10. Working Groups: Performance and Decision Making
Thinking Like a Social Psychologist about Social Groups
This chapter has looked at the ways in which small working groups come together to perform tasks and make decisions. In particular, we have taken a close look at some of the advantages and disadvantages of collective versus solo performance. Although groups can perform many tasks well, and although people like to use groups to make decisions, they also often come with their own problems.
Since you are likely to spend time working with others in small groups—almost everyone does—hopefully you can now see how groups can succeed and how they can fail. Will you use your new knowledge about social groups to help you be a more effective group member and to help the groups you work in become more effective?

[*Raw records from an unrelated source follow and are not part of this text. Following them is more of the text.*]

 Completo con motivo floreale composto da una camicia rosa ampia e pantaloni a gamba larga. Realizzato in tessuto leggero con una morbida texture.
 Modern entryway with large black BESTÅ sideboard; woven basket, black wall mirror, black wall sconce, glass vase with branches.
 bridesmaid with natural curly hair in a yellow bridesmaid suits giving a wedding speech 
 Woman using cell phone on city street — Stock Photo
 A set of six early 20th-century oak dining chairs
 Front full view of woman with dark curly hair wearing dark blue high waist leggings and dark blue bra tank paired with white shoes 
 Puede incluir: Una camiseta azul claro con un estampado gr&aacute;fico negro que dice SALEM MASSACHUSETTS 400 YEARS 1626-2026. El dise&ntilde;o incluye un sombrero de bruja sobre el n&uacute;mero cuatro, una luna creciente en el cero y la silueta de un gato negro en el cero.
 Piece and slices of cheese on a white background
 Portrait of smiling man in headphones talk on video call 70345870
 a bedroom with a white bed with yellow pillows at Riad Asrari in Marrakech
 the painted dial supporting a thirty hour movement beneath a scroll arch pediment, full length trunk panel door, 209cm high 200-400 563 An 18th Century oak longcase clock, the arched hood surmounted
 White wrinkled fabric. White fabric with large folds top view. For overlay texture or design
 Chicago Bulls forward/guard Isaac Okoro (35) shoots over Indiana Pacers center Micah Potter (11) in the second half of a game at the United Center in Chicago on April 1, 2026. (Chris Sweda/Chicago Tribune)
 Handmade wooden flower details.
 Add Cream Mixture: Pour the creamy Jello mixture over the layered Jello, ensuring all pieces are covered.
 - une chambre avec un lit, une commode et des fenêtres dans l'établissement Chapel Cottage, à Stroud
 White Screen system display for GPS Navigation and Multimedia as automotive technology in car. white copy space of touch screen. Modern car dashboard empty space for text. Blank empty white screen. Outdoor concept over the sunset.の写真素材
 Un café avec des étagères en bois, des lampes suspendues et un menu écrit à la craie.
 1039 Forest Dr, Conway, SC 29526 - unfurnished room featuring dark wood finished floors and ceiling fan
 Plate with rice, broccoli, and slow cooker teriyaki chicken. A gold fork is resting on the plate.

Also, now that you are familiar with the factors that lead us to cooperate or compete, we hope you will use this information to be more aware of, and to guide, your own behaviors in situations of conflict. Are you now more aware of how easy it is to assume that others will compete rather than cooperate and of how events that seem to be fixed-sum may in fact be integrative? Can you see that at least some conflict is more perceived than realistic and that cooperation is frequently more advantageous to both the self and others than is competition? Does this knowledge make you think differently about how you will want to react to situations of potential conflict?
You may want to keep in mind that solutions to conflict may frequently be integrative, allowing both you or your party and the other individuals involved in the conflict to come to a mutually beneficial solution. Taking a problem-solving approach in which you keep not only your needs but also the needs of others in mind will be helpful.
Because you are thinking like a social psychologist, you will realize that group performance and decision making are partly determined by the personalities of the members. But you also know that this is not enough and that group productivity and decision making are also influenced by what happens in the group itself. For example, groups may become too sure of themselves, and too attached to the social identity the group brings, to the detriment of looking at others’ perspectives. They may also experience strong conformity pressures, making it difficult for them to hear their individual voices and differences. Can you now see the many ways that you—either as a group member or as a group leader—can help prevent these negative outcomes?
You may find that you are now better able to use your social psychological knowledge to help reduce potentially dangerous situations of conflict. Social norms about morality and fairness lead us frequently to cooperate with others, but these principles may be undermined in conflict situations. Perhaps you will use your new knowledge to advocate for more cooperative positions regarding important social dilemmas, such as global warming and natural resource use. You can use the many approaches that help people cooperate to help you in this endeavor. As such, your value as a group member will increase when you make use of your knowledge about groups. You now have many ideas about how to recognize phenomena like social loafing, groupthink, and group polarization when they occur and how to prevent them. And you can now see how important group discussion is. When you are in a group, you must work to get the group to talk about the topics fully, even if the group members feel that they have already done enough. Groups think that they are doing better than they really are, and you must work to help them overcome this overconfidence.